2. The electrochemical measuring electrode device according to claim 1,
wherein said body has an outer periphery, said jacket has an inner surface
adjacent to the outer periphery of said body, and the spaced
heat-insulating relationship between said body and said jacket is such
that a substantially narrow space is defined between the outer periphery
of said body and the adjacent inner surface of said jacket.
3. The electrochemical measuring electrode device according to claim 1,
wherein said first and second thermostating means comprise means for
heating said body and said jacket to the same temperature so as to obtain
a zero heat flux between said body and said jacket.
4. The electrochemical measuring electrode device according to claim 1,
wherein said body has a substantially circular cylindrical shape.
5. The electrochemical measuring electrode device according to claim 4,
wherein said jacket includes a substantially annular part which is
arranged coaxially relative to said body.
6. The electrochemical measuring electrode device according to claim 1,
wherein said body is disc-shaped.
7. The electrochemical measuring electrode device according to claim 1,
wherein said first thermostating means comprises an NTC-resistor and a
heating resistor.
8. The electrochemical measuring electrode device according to claim 1 and
further including a first thick film substrate, said first thermostating
means being arranged on said first thick film substrate.
9. The electrochemical measuring electrode device according to claim 8,
wherein said first thermostating means comprises thick film components
disposed on said first thick film substrate.
10. The electrochemical measuring electrode device according to claim 8,
wherein said body is formed of said first thick film substrate.
11. The electrochemical measuring electrode device according to claim 8,
wherein said first thick film substrate has a plane or plane-convex shape.
12. The electrochemical measuring electrode device according to claim 8,
wherein said first thick film substrate has a thickness of about 0.2-1.5
mm, and preferably about 0.3-0.8 mm.
13. The electrochemical measuring electrode device according to claim 8,
wherein said first thick film substrate has a diameter of about 5-12 mm.
14. The electrochemical measuring electrode device according to claim 8,
wherein said first thick film substrate is made of alumina or beryllia.
15. The electrochemical measuring electrode device according to claim 1,
wherein said second thermostating means comprises an NTC-resistor and a
heating resistor.
16. The electrochemical measuring electrode device according to claim 8,
wherein said jacket further includes a second thick film substrate and
said second thermostating means is arranged on said second thick film
substrate in heat-conductive connection with said jacket.
17. The electrochemical measuring electrode device according to claim 16,
wherein said second thermostating means comprises thick film components
disposed on said second thick film substrate.

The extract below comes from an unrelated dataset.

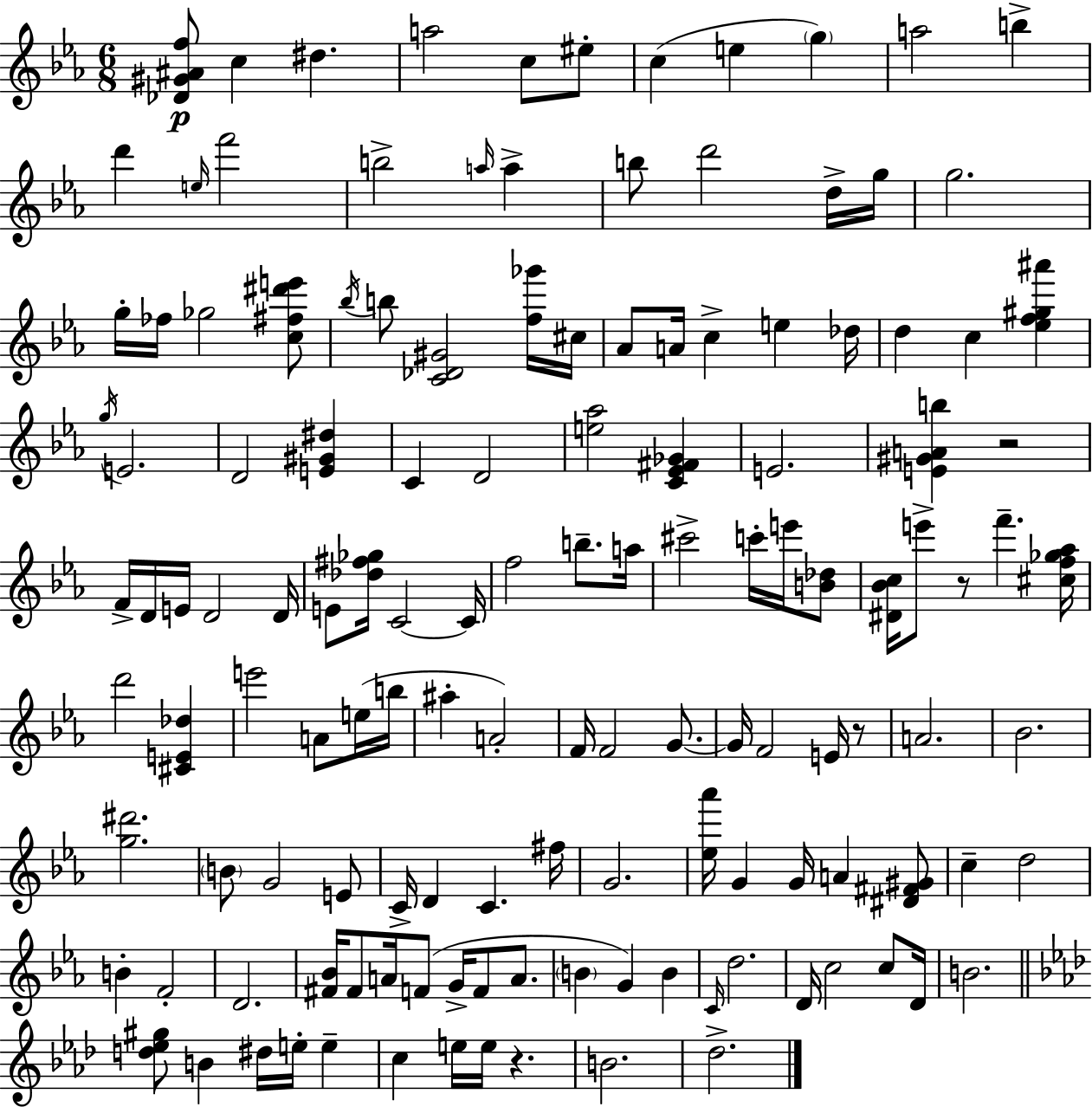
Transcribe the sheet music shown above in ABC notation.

18. The electrochemical measuring electrode device according to claim 16,
wherein said second thick film substrate comprises a circular substrate.

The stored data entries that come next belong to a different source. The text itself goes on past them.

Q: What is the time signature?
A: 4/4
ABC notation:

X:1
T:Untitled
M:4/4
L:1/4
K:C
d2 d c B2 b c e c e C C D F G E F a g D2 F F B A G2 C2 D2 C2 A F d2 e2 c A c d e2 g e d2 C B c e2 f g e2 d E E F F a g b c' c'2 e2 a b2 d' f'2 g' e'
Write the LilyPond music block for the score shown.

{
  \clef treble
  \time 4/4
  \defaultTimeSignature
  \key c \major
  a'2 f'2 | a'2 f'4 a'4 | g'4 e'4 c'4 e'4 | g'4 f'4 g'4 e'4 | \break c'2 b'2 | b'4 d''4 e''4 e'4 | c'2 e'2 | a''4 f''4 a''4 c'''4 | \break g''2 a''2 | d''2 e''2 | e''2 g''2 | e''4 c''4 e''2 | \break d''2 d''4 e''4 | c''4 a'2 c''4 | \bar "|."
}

19. The electrochemical measuring electrode device according to claim 16,
wherein said second thick film substrate has a plane or plane-convex
shape.
20. The electrochemical measuring electrode device according to claim 16,
wherein said second thick film substrate is made of alumina or beryllia.
21. The electrochemical measuring electrode device according to claim 1,
wherein the thermal resistance between said jacket and said body is at
least one order of magnitude (power of 10) greater than the thermal
resistance between the body and the capillary bed beneath the skin
surface.
22. The electrochemical measuring electrode device according to claim 1,
wherein said sensor means comprises measuring means for measuring the
partial pressure of a blood gas.
23. The electrochemical measuring electrode device according to claim 22,
wherein said measuring means comprises a cathode of a noble metal capable
of electrochemical reduction of oxygen, and an anode cooperating with said
cathode and preferably being a silver anode, for measuring the partial
pressure of oxygen in blood.
24. The electrochemical measuring electrode device according to claim 1,
further comprising a membrane and an electrolyte solution, said membrane
being adjacent to said surface part of said body so as to define a space
wherein said electrolyte solution is confined.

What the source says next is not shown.